In his opening remarks, Luis Elizondo, a former military intelligence official, lambasted the intelligence community for its decades of “excessive secrecy” around UAP reports – “all to hide the fact that we are not alone in the cosmos,” he said. Elizondo resigned and went public in October 2017 after 10 years of running a Pentagon program to investigate UFO sightings.
Timothy Gallaudet, a retired rear admiral in the U.S. Navy; and Michael Shellenberger, a journalist who publishes the “Public” newsletter on Substack, also alluded in their testimony to images of UAP in the government’s possession that have yet to be made public.
Michael Gold, a former NASA associate administrator, was the fourth witness to testify.
Elizondo, Gallaudet and Gold are all scheduled to appear May 1 during the UAP briefing. Elizondo is on the Disclosure Fund’s board of directors, while Gallaudet joined the organization’s advisory board in February 2025.
“I believe we as Americans can handle the truth,” Elizondo said in November, “and I also believe the world deserves the truth.”

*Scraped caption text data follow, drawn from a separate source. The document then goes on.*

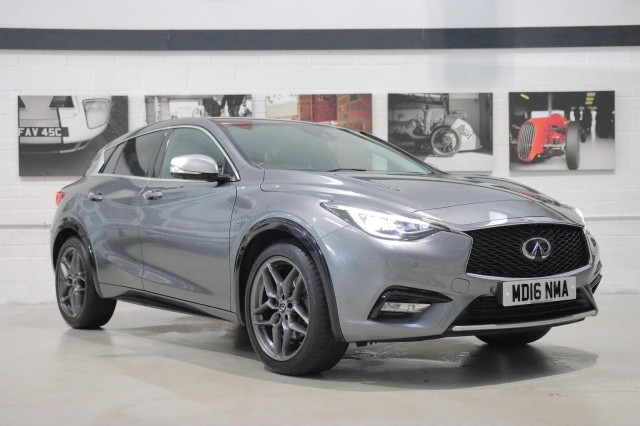 INFINITI Q30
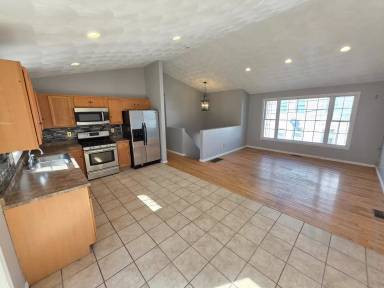 Main picture of 80 Unit St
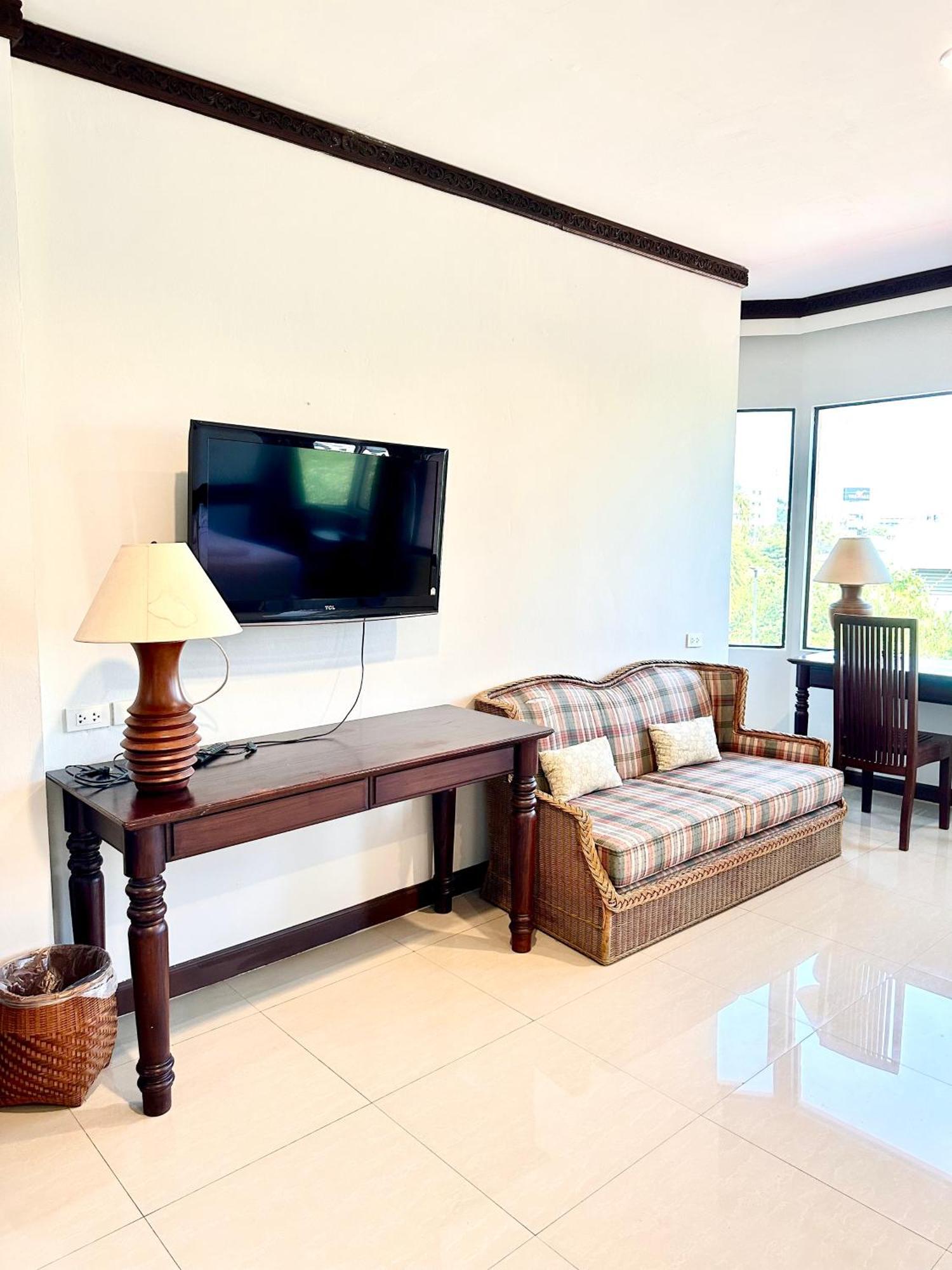 Bansuan Resort Nakhon Sawan Eksteriør bilde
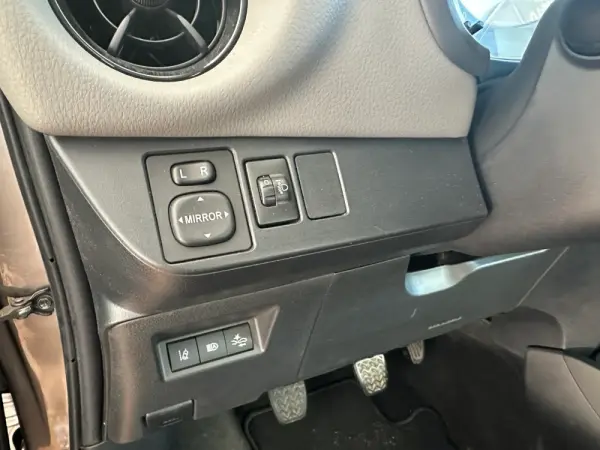 Toyota Yaris 1.0 VVT-i Comfort 10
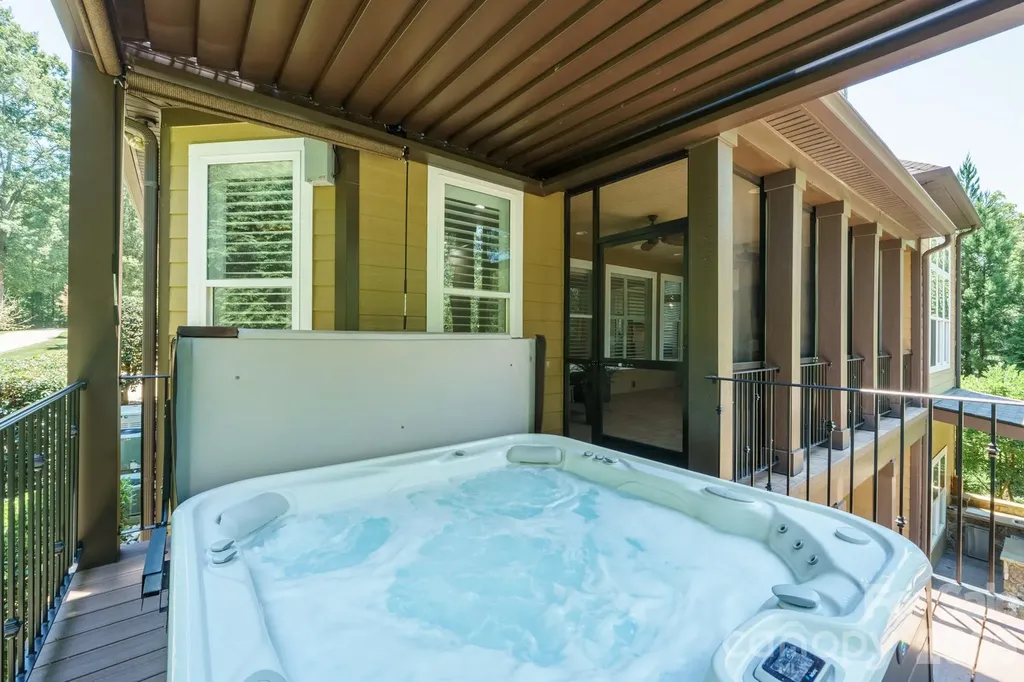 4412 Lake Forest Road Denver NC 28037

Leader of Pentagon’s UAP office testifies
Days after the hearing – which also included reinforced claims of an active military program to retrieve downed alien spacecraft – the leader of the Pentagon’s office to investigate UFOs provided testimony of his own.
That agency, the All-Domain Anomaly Resolution Office (AARO,) came under heavy fire at the hearing when the witnesses blasted it for what they claimed were secrecy and spreading misinformation.

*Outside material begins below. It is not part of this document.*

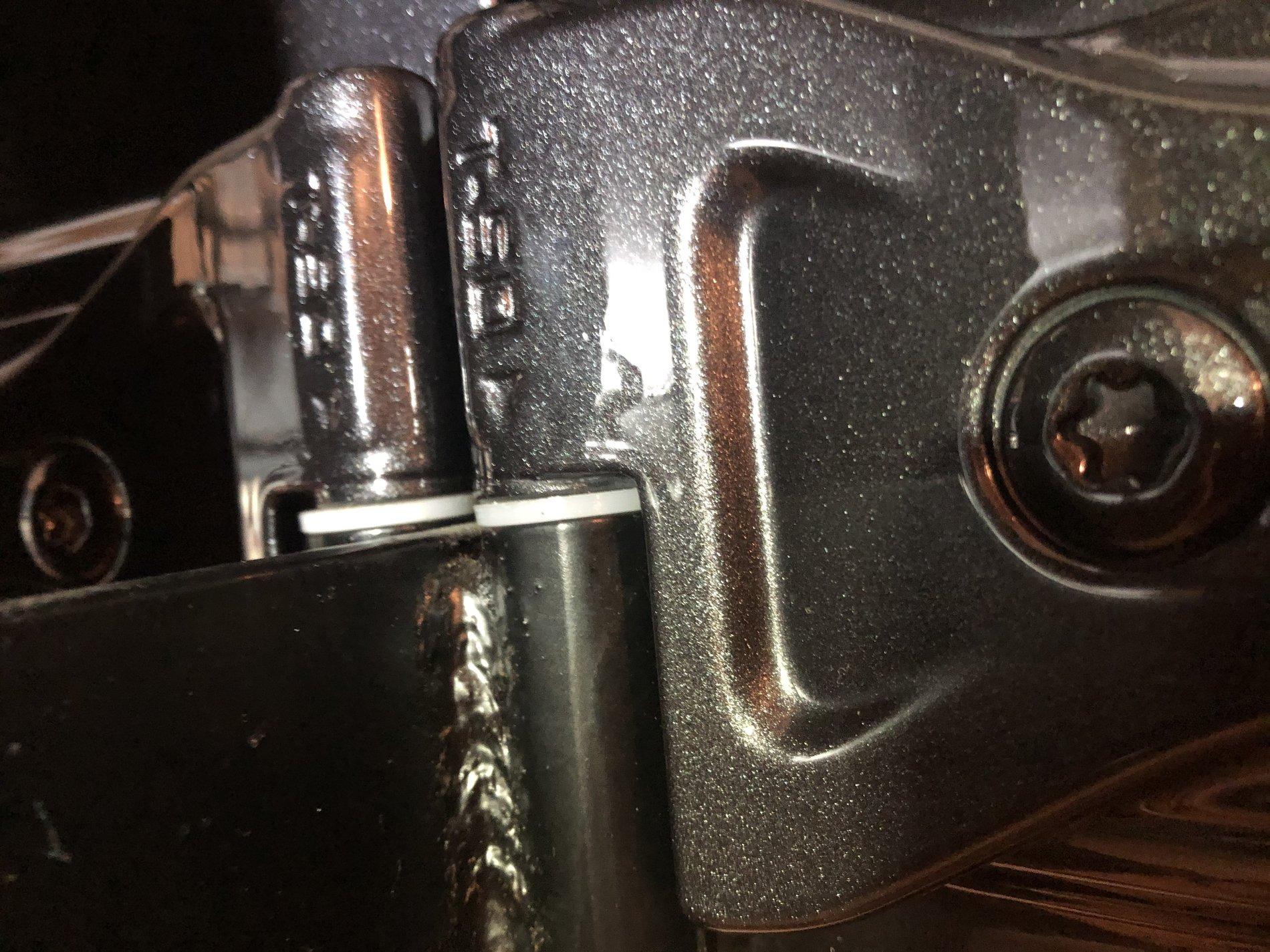 Jeep Wrangler JL Bubbles in Paint at Door Hinges 4455D707-29FC-401E-9AE9-6463DB0C23A2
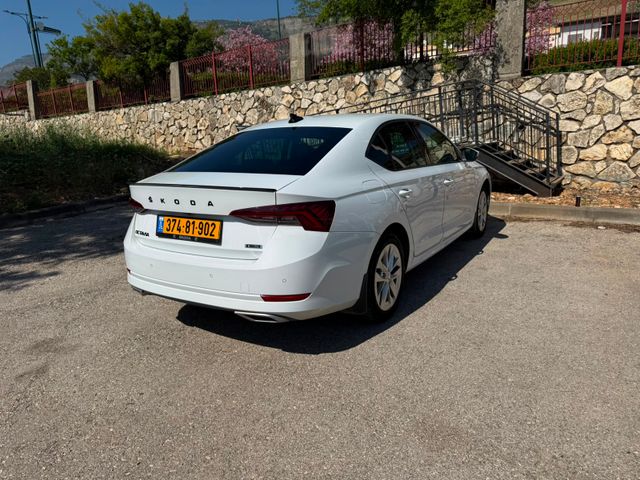 סקודה אוקטביה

Many sightings AARO has historically investigated are reported by military fighter pilots, some of whom have captured footage on jets’ cockpit gun cameras of UAP. But so far, the agency has repeatedly denied finding any evidence that the craft were extraterrestrial in nature.
Jon T. Kosloski, the newly-appointed director of AARO, reinforced those findings when he testified Nov. 19 in a Senate hearing, saying the office “has not discovered any verifiable evidence of extraterrestrial beings, activity, or technology.”
National Archives releases some UFO records
The impending briefing also comes after the National Archives released in late April some records related to reports of UFOS.
The National Archives was required to release the trove under a provision included in an annual defense policy bill directing the executive branch to declassify certain records.
But not all who have long pushed for UFO transparency were happy with what was made public. That includes Avi Loeb, an astrophysicist at Harvard University who made headlines in August 2023 when he claimed that remnants of a meteor he and a team recovered in the Pacific Ocean were interstellar in origin.
The reports “contain limited data that cannot be verified,” Loeb, who is among the scheduled slate of speakers at the UAP Disclosure Fund event, wrote in a post on Medium. “Since the sky and oceans are not classified, it makes more sense to collect new and better data on millions of objects.”